Go to the line below containing "Tintern Abbey bij" and print exactly from there through the line containing "Dynamic Glitter Powder", both included. Print nothing else.

--- DATA SUPPLIED Enclosed Below ---

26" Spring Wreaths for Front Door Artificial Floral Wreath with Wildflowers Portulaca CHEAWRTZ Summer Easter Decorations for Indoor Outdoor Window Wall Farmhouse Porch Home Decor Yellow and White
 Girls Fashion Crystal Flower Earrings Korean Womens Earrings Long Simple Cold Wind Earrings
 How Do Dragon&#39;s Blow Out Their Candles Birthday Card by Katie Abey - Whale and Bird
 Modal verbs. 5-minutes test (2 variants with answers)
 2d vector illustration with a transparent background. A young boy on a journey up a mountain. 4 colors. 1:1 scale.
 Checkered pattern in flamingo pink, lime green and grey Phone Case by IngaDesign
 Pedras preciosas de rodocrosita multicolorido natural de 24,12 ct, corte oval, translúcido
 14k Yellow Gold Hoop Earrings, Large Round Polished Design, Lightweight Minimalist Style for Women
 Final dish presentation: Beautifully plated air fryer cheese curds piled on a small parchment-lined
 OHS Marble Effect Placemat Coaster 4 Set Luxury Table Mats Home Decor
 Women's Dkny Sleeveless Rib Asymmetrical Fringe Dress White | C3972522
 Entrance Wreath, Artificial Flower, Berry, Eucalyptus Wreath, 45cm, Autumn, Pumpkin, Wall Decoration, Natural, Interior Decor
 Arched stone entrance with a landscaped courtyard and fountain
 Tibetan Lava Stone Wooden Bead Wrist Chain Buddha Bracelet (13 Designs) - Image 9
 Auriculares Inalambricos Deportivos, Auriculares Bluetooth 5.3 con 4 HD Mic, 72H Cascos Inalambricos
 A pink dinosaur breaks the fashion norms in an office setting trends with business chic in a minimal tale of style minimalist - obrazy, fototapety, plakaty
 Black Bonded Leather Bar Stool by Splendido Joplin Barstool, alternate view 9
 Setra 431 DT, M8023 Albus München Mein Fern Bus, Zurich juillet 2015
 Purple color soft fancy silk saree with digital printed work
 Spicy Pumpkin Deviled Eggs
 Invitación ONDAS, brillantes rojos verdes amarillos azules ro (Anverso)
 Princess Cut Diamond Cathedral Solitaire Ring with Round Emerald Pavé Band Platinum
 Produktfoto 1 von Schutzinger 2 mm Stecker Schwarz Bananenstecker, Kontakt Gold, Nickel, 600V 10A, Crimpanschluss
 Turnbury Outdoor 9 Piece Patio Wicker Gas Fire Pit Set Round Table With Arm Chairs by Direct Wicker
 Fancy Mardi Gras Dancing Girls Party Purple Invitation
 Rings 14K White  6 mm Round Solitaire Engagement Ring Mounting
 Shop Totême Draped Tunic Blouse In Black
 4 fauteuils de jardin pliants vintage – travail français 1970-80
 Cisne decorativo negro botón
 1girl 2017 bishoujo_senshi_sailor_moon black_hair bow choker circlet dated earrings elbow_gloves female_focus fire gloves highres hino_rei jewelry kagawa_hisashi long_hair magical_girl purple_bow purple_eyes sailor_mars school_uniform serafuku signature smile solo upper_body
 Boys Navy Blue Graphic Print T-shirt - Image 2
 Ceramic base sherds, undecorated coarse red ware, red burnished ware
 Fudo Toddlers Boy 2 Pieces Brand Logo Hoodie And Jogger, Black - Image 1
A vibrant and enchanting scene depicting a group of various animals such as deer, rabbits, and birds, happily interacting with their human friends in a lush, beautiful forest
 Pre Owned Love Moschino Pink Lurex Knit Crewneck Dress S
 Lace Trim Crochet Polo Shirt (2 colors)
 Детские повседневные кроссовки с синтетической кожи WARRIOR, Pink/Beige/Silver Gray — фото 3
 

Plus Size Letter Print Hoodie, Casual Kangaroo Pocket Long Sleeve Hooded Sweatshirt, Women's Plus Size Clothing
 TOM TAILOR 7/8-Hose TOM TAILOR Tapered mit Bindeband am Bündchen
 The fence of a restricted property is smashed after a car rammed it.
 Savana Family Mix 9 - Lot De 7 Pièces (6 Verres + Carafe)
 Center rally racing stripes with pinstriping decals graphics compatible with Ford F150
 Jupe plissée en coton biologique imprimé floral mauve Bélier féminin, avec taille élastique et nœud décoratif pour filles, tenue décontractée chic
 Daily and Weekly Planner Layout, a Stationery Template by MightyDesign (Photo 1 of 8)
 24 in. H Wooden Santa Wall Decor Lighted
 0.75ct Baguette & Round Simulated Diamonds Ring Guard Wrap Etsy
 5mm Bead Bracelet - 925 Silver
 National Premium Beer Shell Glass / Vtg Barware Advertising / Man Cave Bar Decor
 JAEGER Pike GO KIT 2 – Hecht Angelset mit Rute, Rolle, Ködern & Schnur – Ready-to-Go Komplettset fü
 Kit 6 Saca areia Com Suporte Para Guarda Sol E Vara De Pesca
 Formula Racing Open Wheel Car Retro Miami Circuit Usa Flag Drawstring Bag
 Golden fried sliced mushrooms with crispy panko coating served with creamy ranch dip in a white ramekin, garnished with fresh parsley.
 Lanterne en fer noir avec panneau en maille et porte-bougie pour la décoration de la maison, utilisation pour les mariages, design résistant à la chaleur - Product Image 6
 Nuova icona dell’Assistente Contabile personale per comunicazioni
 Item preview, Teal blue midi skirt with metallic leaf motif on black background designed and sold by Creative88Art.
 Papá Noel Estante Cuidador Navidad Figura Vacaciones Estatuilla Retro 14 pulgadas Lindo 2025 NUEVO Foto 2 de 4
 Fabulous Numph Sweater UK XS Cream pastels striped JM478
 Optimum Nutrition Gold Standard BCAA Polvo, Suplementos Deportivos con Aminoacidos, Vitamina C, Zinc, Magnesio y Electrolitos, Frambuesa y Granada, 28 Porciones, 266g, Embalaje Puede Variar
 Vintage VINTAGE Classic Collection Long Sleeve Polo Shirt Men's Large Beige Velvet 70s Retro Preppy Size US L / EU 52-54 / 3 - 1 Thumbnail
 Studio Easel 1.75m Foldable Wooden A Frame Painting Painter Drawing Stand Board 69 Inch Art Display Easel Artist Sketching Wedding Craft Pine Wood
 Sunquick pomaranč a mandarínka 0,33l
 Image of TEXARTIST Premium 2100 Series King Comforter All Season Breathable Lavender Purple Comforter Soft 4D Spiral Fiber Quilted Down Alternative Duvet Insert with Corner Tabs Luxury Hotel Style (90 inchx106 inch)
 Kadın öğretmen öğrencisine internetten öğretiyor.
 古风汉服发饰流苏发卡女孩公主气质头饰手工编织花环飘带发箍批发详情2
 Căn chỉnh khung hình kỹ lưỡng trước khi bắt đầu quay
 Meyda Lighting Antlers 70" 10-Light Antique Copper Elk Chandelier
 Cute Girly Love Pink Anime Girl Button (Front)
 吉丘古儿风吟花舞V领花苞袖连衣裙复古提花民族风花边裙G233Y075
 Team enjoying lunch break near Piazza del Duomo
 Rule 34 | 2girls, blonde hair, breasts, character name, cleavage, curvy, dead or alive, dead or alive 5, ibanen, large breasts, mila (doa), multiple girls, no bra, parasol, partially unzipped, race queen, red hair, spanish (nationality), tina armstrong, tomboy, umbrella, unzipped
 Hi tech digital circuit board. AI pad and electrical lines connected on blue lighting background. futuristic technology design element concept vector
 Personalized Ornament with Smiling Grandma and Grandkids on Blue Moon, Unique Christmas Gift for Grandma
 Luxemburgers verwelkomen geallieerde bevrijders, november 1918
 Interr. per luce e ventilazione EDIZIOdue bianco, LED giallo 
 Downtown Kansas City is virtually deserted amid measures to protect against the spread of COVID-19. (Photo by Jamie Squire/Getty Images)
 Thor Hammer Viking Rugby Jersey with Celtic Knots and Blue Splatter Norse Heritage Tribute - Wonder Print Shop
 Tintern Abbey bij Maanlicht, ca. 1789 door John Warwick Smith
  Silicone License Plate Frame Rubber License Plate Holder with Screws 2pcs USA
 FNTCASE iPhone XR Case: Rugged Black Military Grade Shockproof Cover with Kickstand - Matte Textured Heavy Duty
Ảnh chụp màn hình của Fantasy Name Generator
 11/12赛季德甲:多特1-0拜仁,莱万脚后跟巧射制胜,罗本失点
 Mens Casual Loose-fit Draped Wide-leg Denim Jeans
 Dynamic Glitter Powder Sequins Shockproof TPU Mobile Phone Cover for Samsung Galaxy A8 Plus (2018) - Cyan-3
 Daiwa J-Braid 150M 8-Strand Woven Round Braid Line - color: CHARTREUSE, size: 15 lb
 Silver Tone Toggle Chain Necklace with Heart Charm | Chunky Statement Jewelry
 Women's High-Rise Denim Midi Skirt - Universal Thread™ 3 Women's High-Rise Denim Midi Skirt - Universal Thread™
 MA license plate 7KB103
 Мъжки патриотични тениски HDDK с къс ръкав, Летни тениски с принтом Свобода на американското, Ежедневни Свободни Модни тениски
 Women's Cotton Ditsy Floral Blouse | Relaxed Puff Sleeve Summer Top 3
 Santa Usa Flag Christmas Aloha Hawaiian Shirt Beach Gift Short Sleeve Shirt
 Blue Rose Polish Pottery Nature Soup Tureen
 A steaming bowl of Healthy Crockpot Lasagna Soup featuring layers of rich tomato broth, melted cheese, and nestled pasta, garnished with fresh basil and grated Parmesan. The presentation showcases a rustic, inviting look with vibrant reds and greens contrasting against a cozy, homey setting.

--- End of Enclosed DATA SUPPLIED ---

* **EXPECTED OUTPUT**:
 Tintern Abbey bij Maanlicht, ca. 1789 door John Warwick Smith
  Silicone License Plate Frame Rubber License Plate Holder with Screws 2pcs USA
 FNTCASE iPhone XR Case: Rugged Black Military Grade Shockproof Cover with Kickstand - Matte Textured Heavy Duty
Ảnh chụp màn hình của Fantasy Name Generator
 11/12赛季德甲:多特1-0拜仁,莱万脚后跟巧射制胜,罗本失点
 Mens Casual Loose-fit Draped Wide-leg Denim Jeans
 Dynamic Glitter Powder Sequins Shockproof TPU Mobile Phone Cover for Samsung Galaxy A8 Plus (2018) - Cyan-3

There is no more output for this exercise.